## Action item:
An exact transcription is needed, starting at the line containing "Μετά την κόρη" and running through the last line of the records, with every picture left out.

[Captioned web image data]
=====

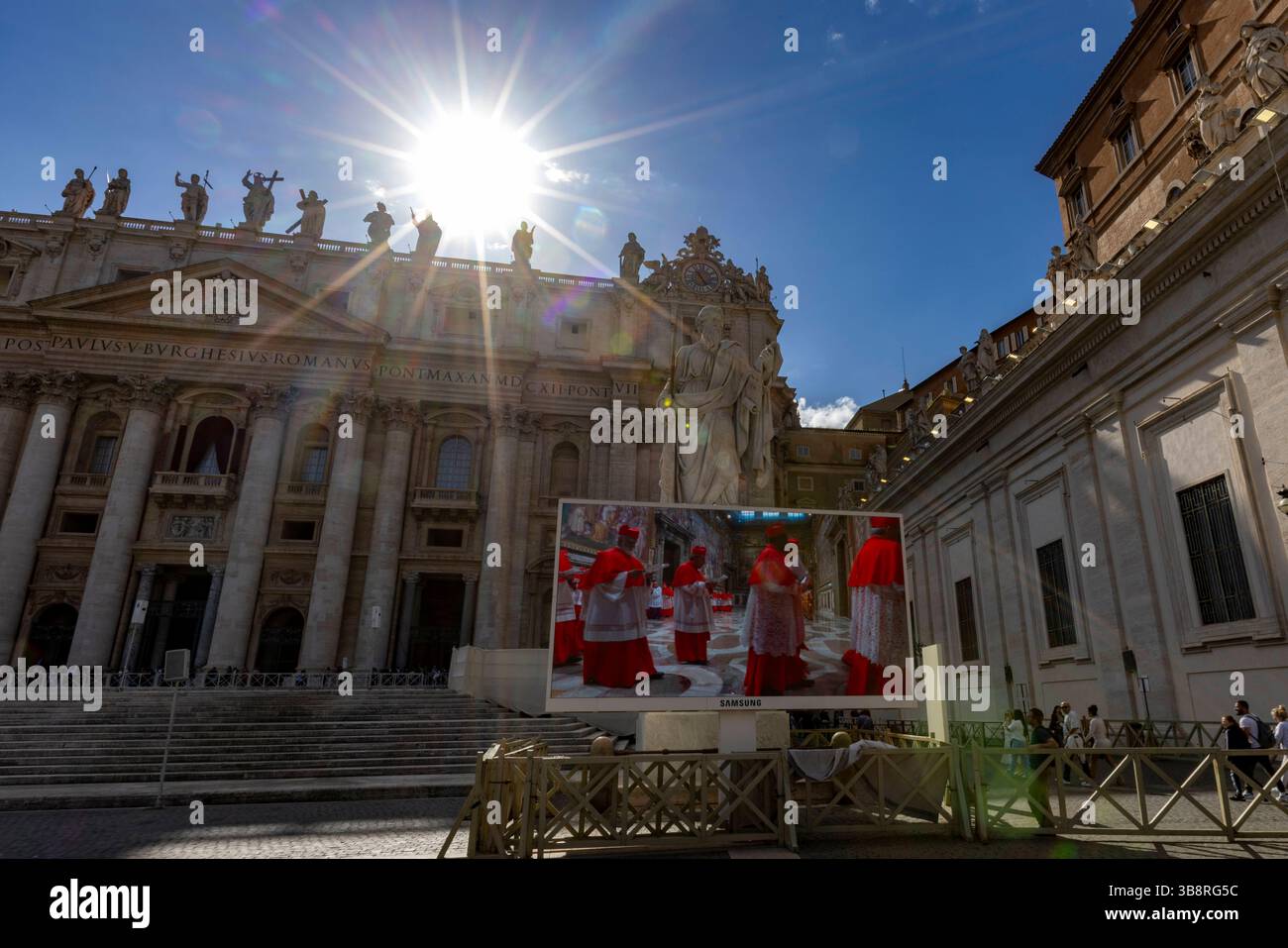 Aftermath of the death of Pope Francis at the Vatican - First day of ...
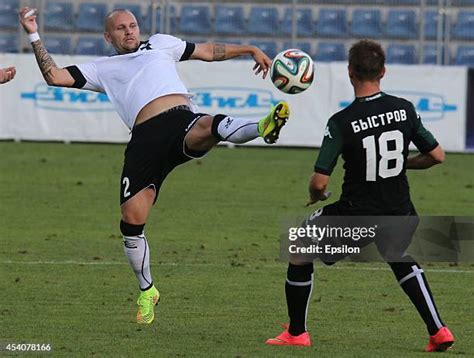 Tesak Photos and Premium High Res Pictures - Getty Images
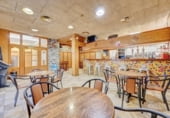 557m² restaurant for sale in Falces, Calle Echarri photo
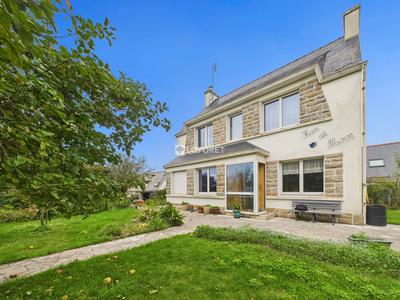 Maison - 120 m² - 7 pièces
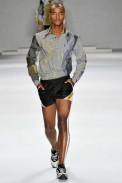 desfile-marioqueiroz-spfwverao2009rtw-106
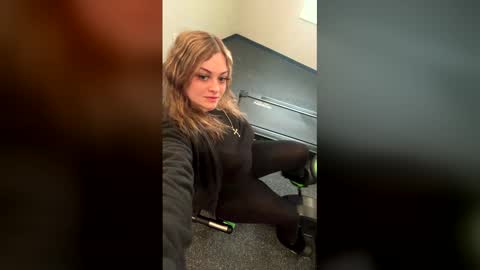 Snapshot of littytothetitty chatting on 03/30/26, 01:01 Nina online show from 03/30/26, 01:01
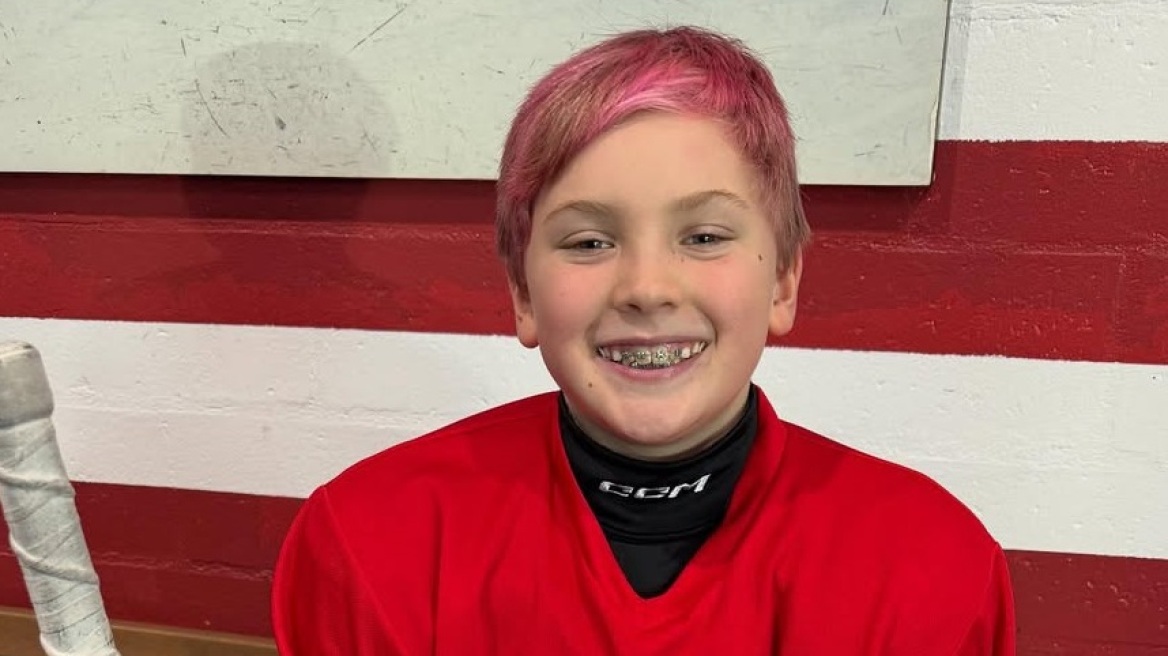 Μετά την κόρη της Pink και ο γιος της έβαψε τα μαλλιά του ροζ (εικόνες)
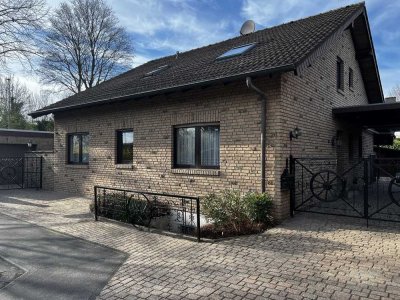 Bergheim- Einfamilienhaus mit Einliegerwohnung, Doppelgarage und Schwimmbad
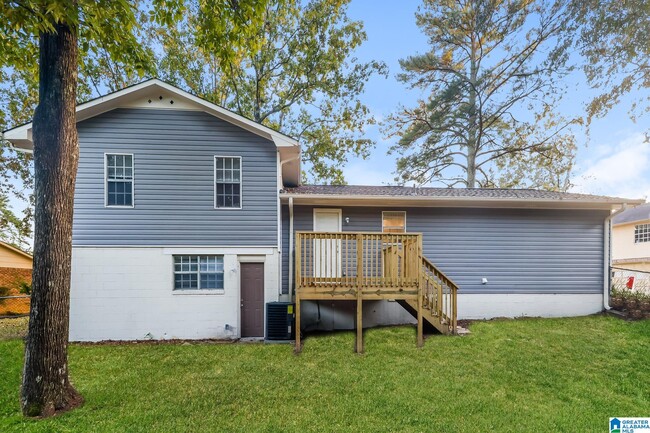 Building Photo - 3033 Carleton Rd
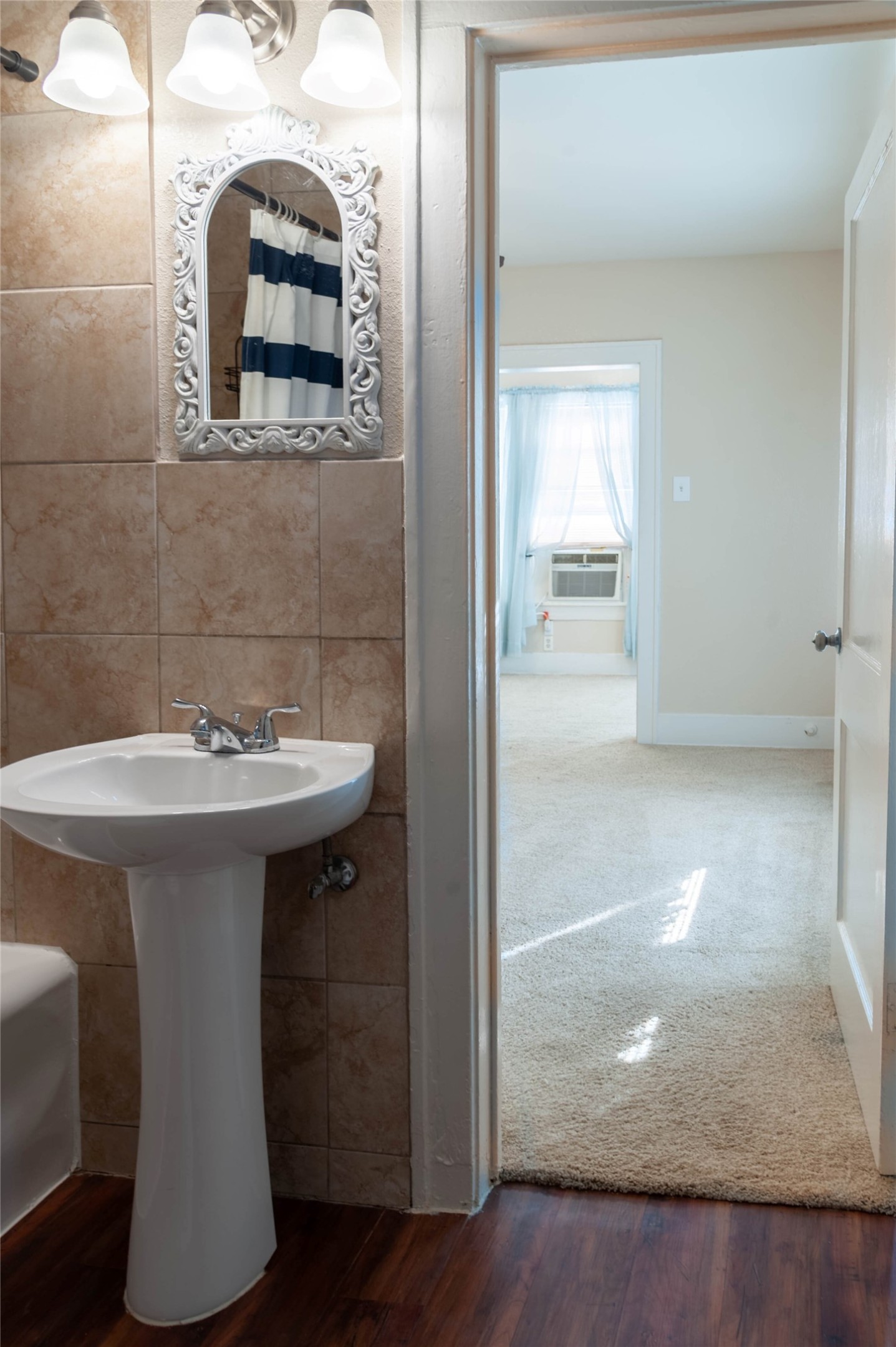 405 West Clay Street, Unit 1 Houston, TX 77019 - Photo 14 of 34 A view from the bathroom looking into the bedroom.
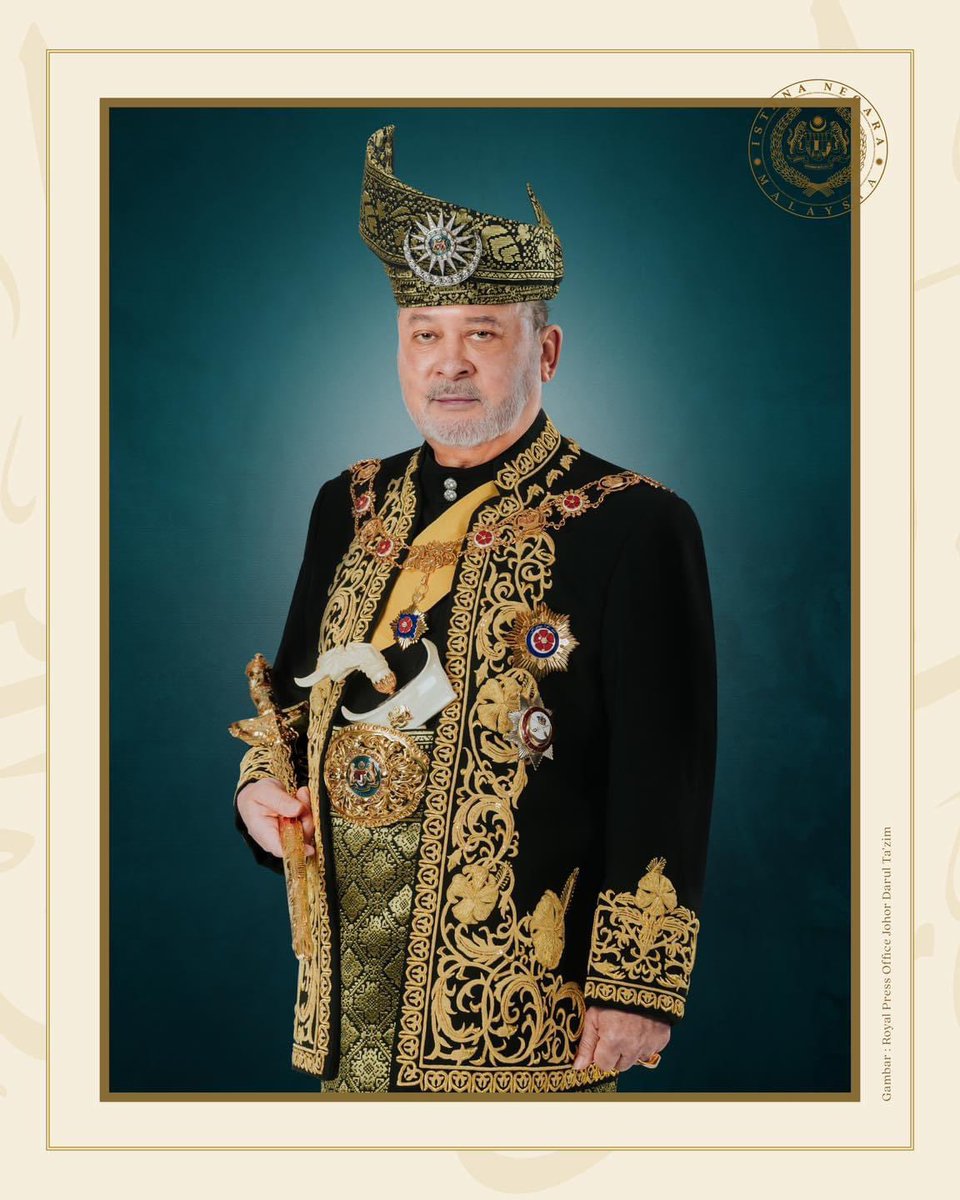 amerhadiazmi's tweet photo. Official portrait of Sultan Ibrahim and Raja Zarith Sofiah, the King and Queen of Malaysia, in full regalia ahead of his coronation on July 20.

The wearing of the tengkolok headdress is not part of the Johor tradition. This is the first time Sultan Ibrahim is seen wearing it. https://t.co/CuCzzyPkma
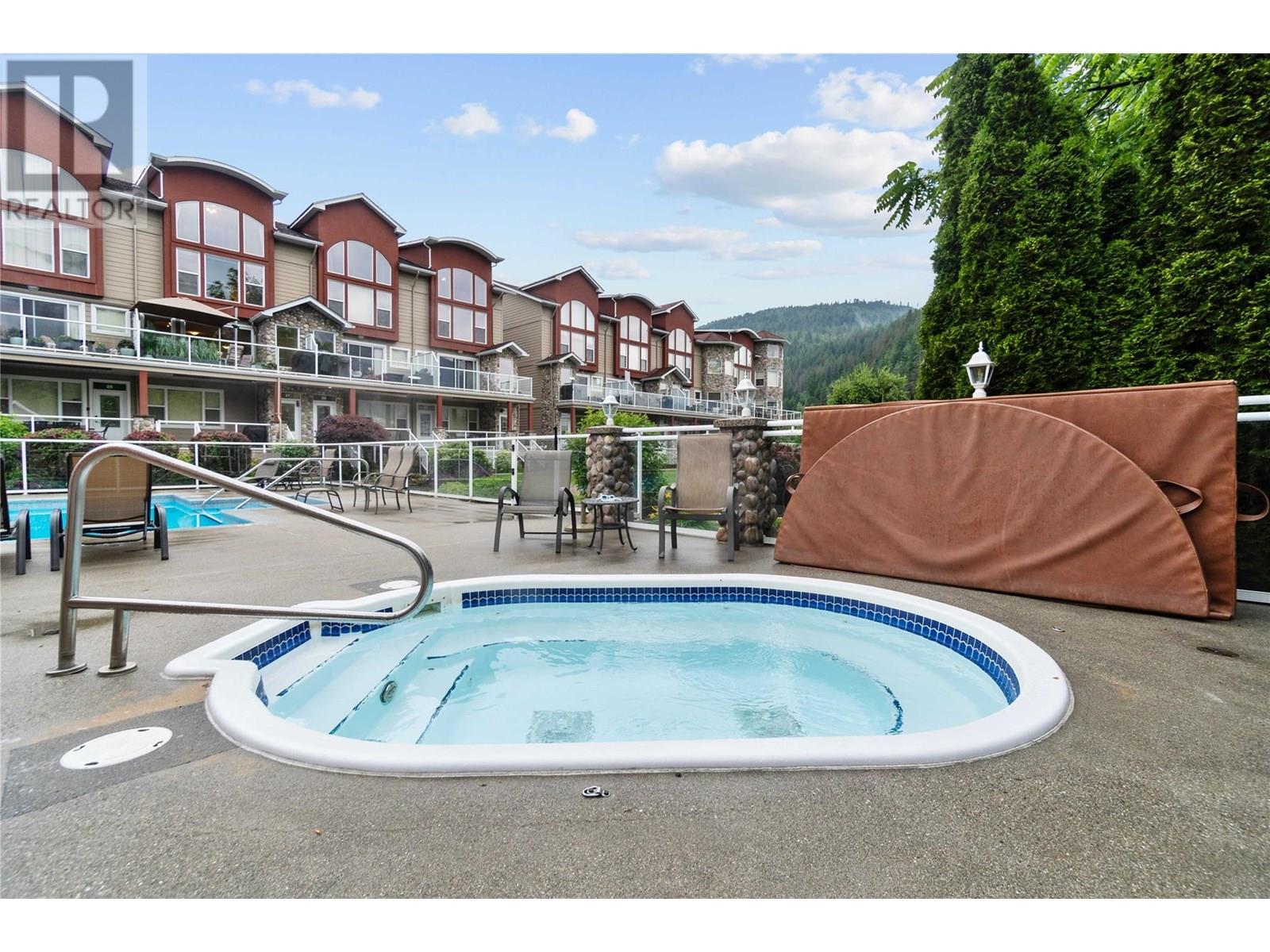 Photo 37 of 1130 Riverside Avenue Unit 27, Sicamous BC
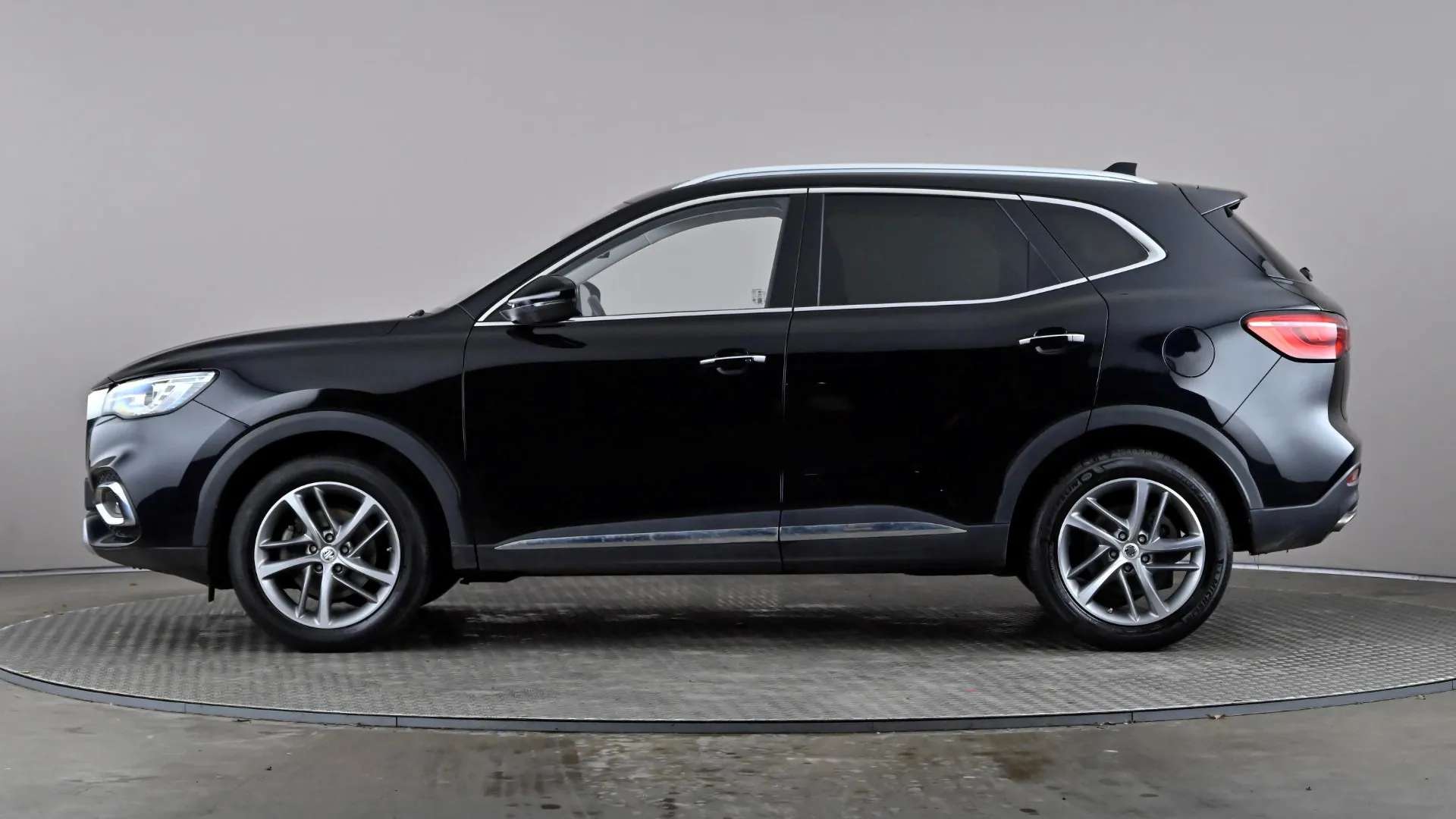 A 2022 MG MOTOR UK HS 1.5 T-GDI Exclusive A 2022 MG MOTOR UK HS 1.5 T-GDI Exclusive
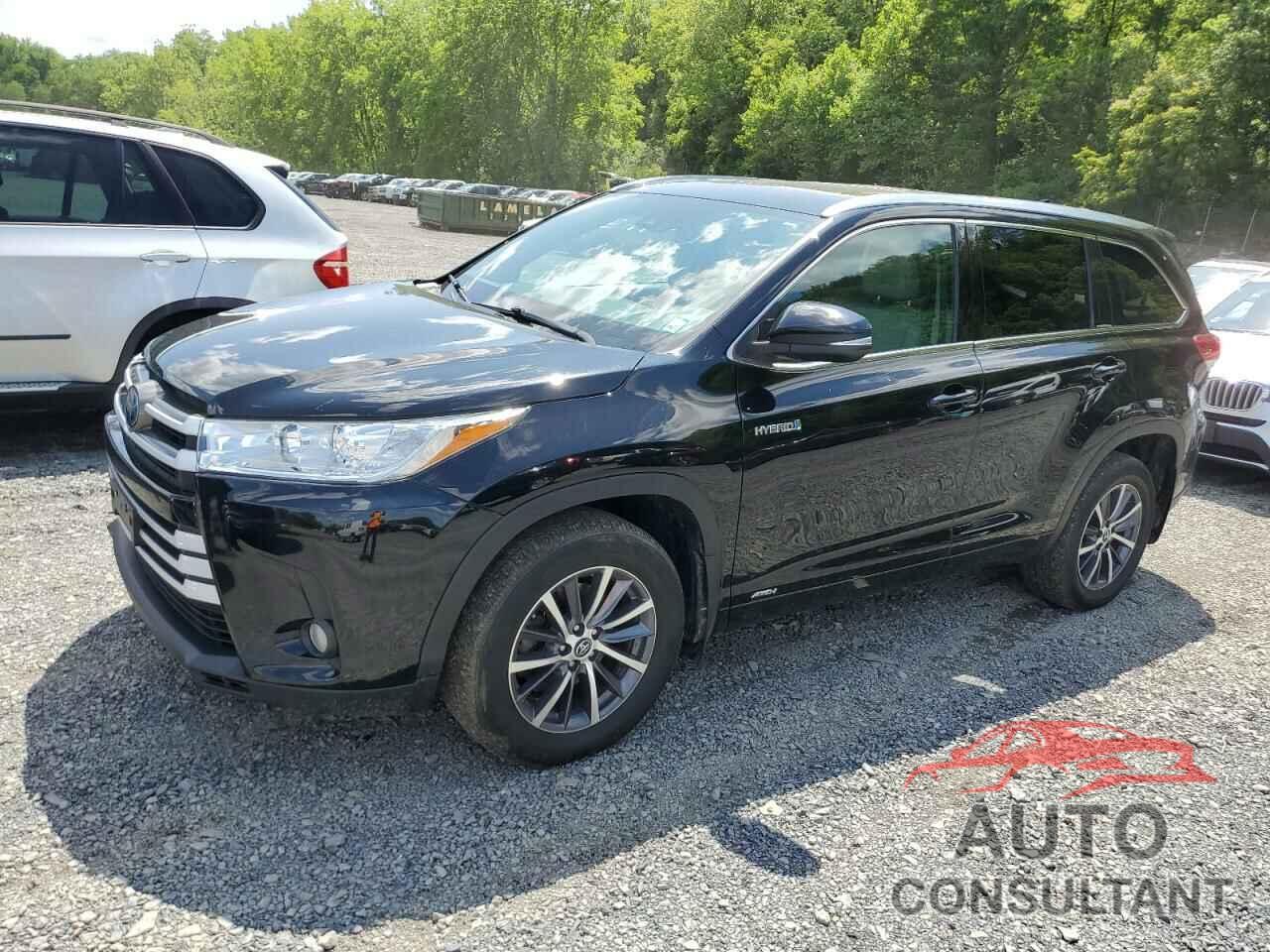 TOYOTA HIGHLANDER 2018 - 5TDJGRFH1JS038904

=====

## Written response:
 Μετά την κόρη της Pink και ο γιος της έβαψε τα μαλλιά του ροζ (εικόνες)
 Bergheim- Einfamilienhaus mit Einliegerwohnung, Doppelgarage und Schwimmbad
 Building Photo - 3033 Carleton Rd
 405 West Clay Street, Unit 1 Houston, TX 77019 - Photo 14 of 34 A view from the bathroom looking into the bedroom.
 amerhadiazmi's tweet photo. Official portrait of Sultan Ibrahim and Raja Zarith Sofiah, the King and Queen of Malaysia, in full regalia ahead of his coronation on July 20.

The wearing of the tengkolok headdress is not part of the Johor tradition. This is the first time Sultan Ibrahim is seen wearing it. https://t.co/CuCzzyPkma
 Photo 37 of 1130 Riverside Avenue Unit 27, Sicamous BC
 A 2022 MG MOTOR UK HS 1.5 T-GDI Exclusive A 2022 MG MOTOR UK HS 1.5 T-GDI Exclusive
 TOYOTA HIGHLANDER 2018 - 5TDJGRFH1JS038904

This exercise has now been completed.